Inlassablement, à Anvers ou au Mexique, en Italie comme dans une
vaste maison près de Paris louée pour l'occasion, un homme qui avait toute l'apparence (mais seulement l'apparence) du tranquille universitaire expliquait les arcanes de la dialectique révolutionnaire et de l'alliance de classes aux «stages» politiques de la IVe Internationale. Sur un ton didactique et gouailleur, avec un léger accent flamand, il a initié plusieurs générations de militants trotskistes à une théorie marxiste qu'il émaillait de formules bien à lui, comme «la logique diabolique du fractionnisme». Dimanche matin, un millier de personnes, jeunes sympathisants mêlés aux vieux briscards de la constellation révolutionnaire, ont accompagné les cendres d'Ernest Mandel au mur des Fédérés du Père-Lachaise.

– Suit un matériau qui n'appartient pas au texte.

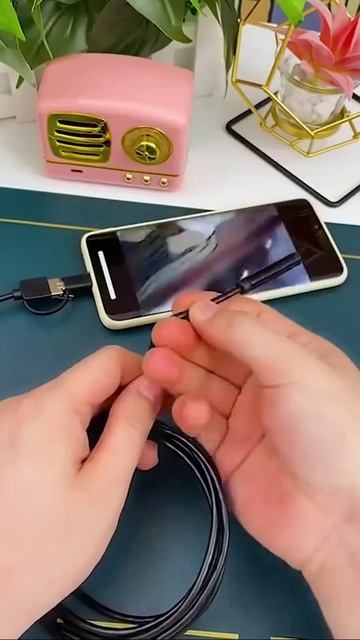 Android эндоскоп 3 в 1 камера смотреть онлайн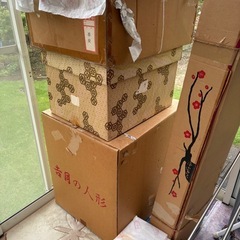 ひな人形　7段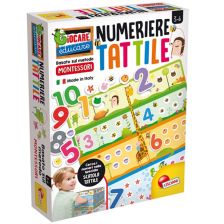 Εκπαιδευτικό παχνίδι Lisciani Montessori Plus Νούμερα και αριθμοί 86764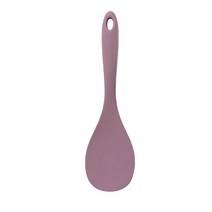 키친팩토리 파스텔 실리콘밥주걱, 버건디핑크, 1개
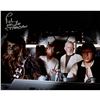 Image 1 : Peter Mayhew Signed 'Chewbacca, Luke Skywalker, Obi Wan Kenobi And Han Solo Millennium Falcon 8X10 P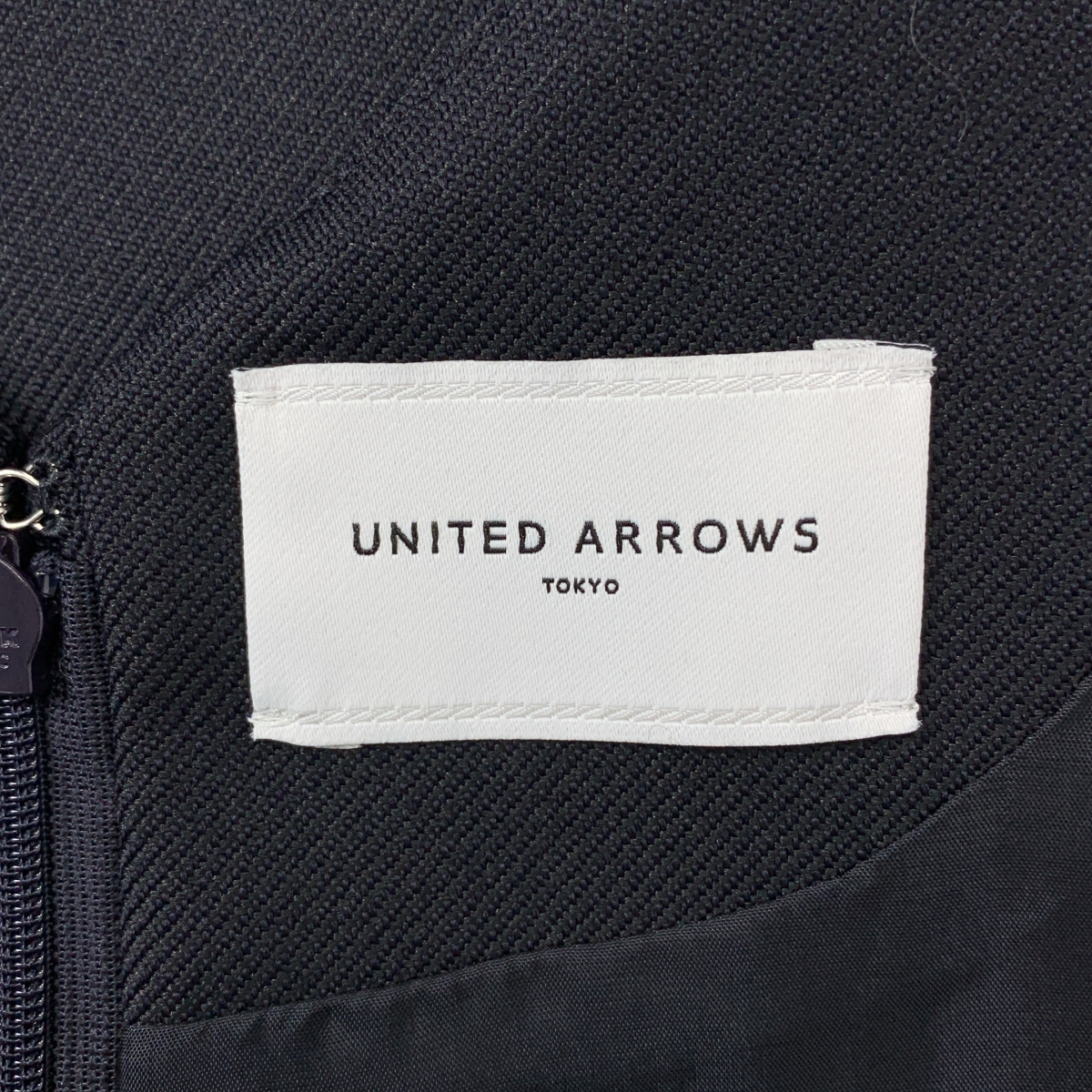 UNITED ARROWS / ユナイテッドアローズ W/P Iライン ジャンパースカート ワンピース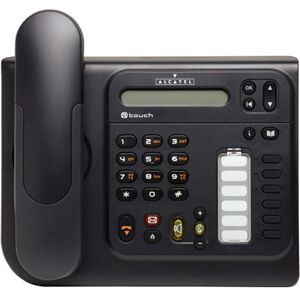 Alcatel 4018EE IP Touch Reconditionne - Telephone filaire  Telephone IP  Telephone IP / SIP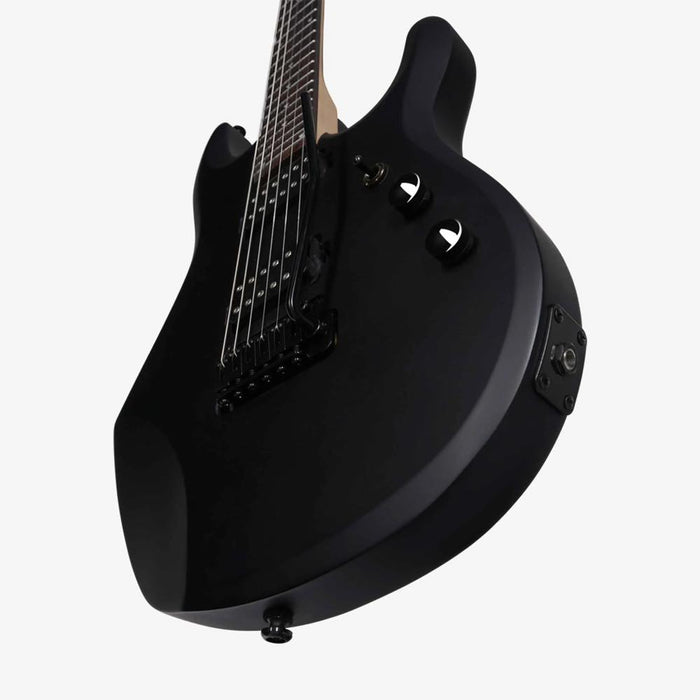 Sterling by Music Man JP60-SBK-R1 John Petrucci JP60 Electric Guitar - Stealth Black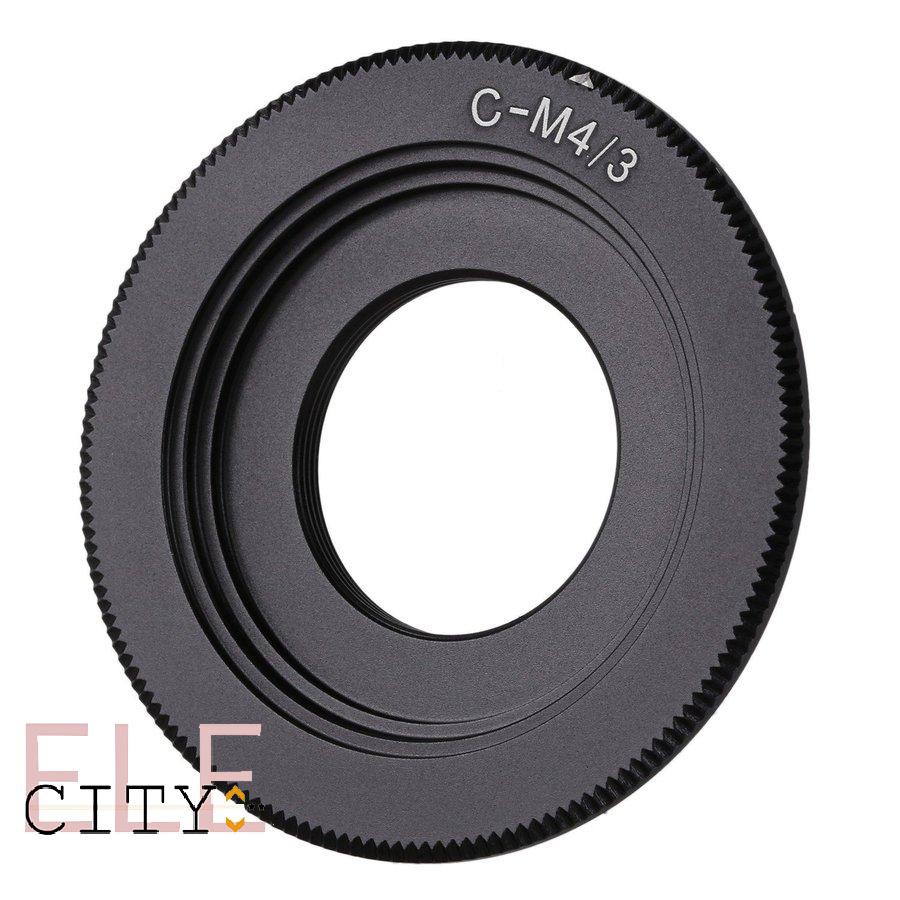 OLYMPUS 電影鏡頭 c 端口 c-M4/3 轉接環 c-m43 G6/GF5/GH1 適用於奧林巴斯 E-P5 E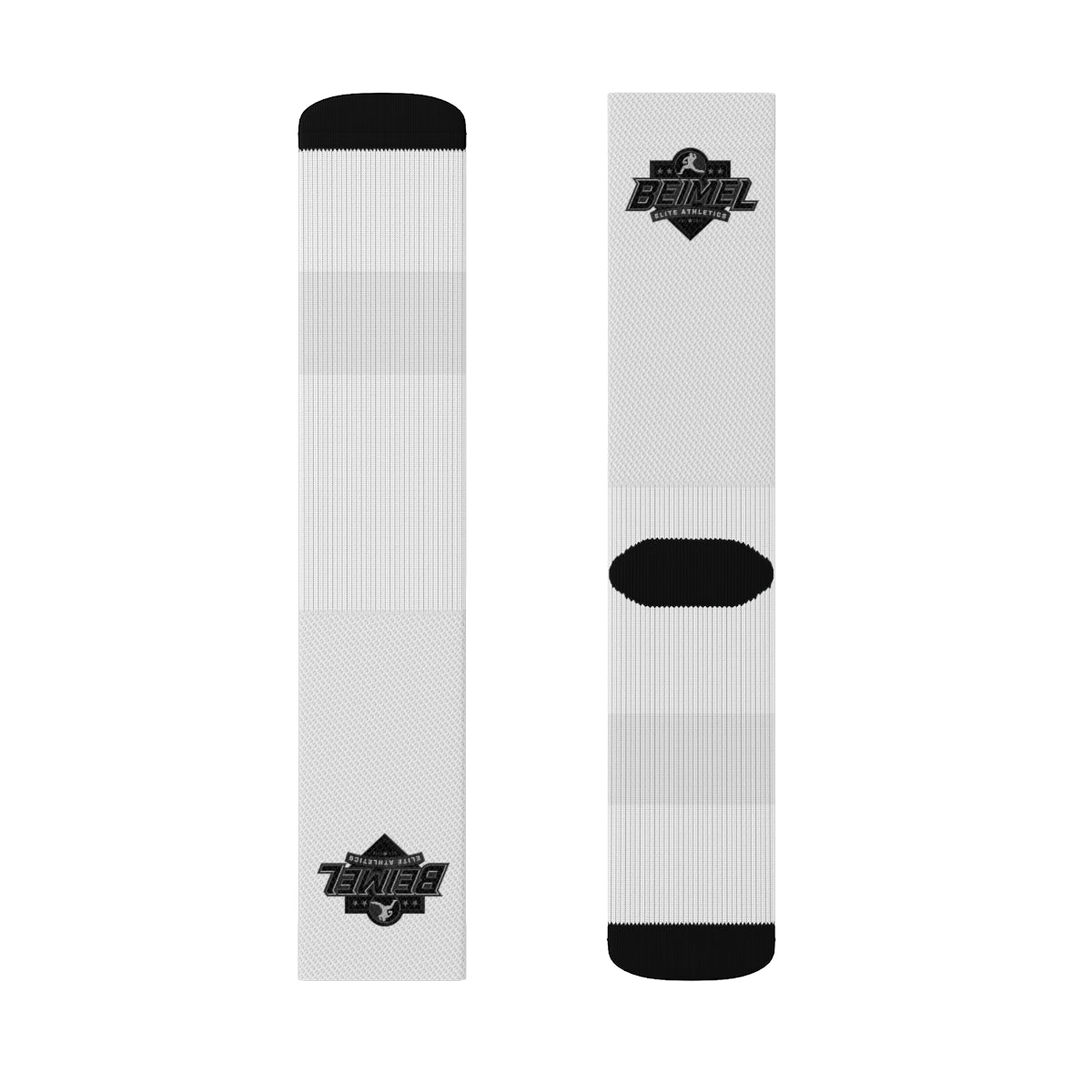 Sublimation Socks Black Logo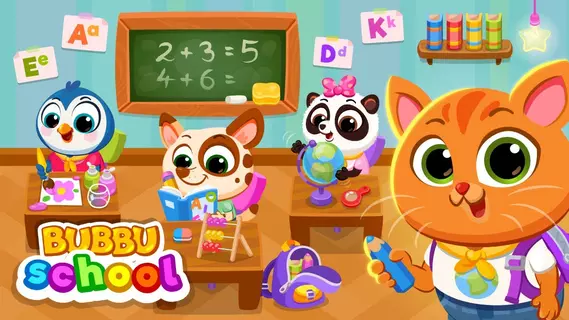 ✅ Bubbu School – My Cute Pets # 2.2020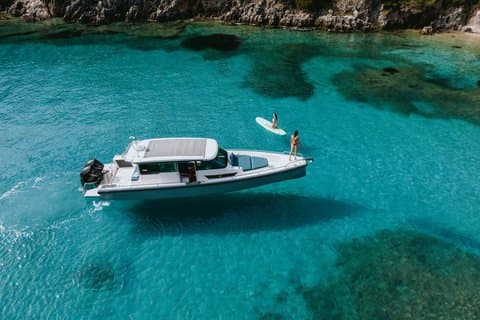 Korfu : Private ganztägige Kreuzfahrt nach Paxos & Antipaxos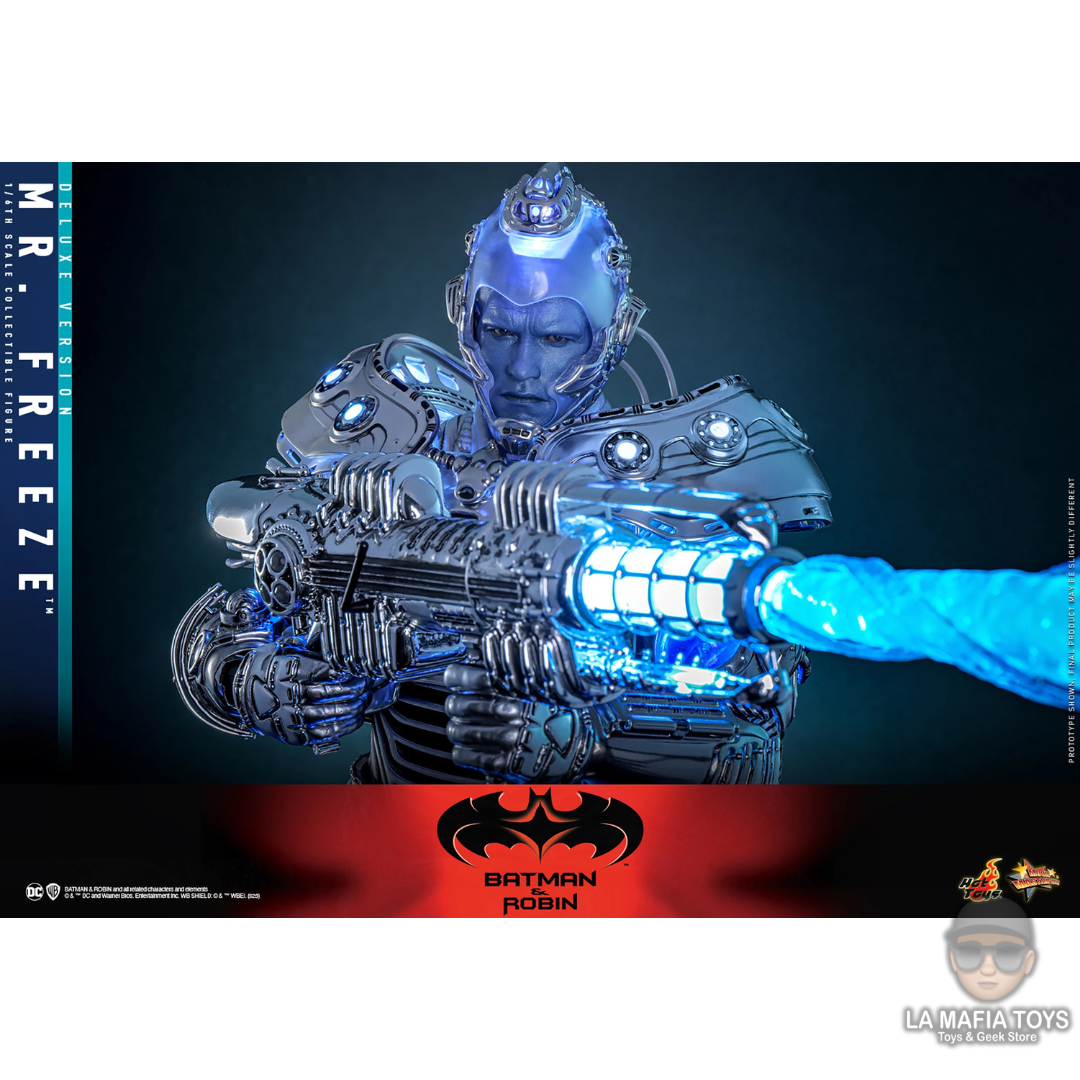 Hot Toys Mr. Freeze (DELUXE VERSION) batman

Entre la stèle dédiée aux volontaires des Brigades internationales et celle perpétuant la mémoire des résistants communistes, ce lutteur acharné, emporté par une crise cardiaque en juillet dernier à l'âge de 72 ans, ne pouvait pas mieux finir. Et même, pour cet hommage funéraire, il a eu droit non seulement à la présence de vieux camarades qui s'étaient séparés de lui à la faveur de désaccords tonitruants, typiques du mouvement trotskiste comme Michel Pablo , mais aussi à la présence symbolique d'ennemis politiques de longue date: le PCF et le PS.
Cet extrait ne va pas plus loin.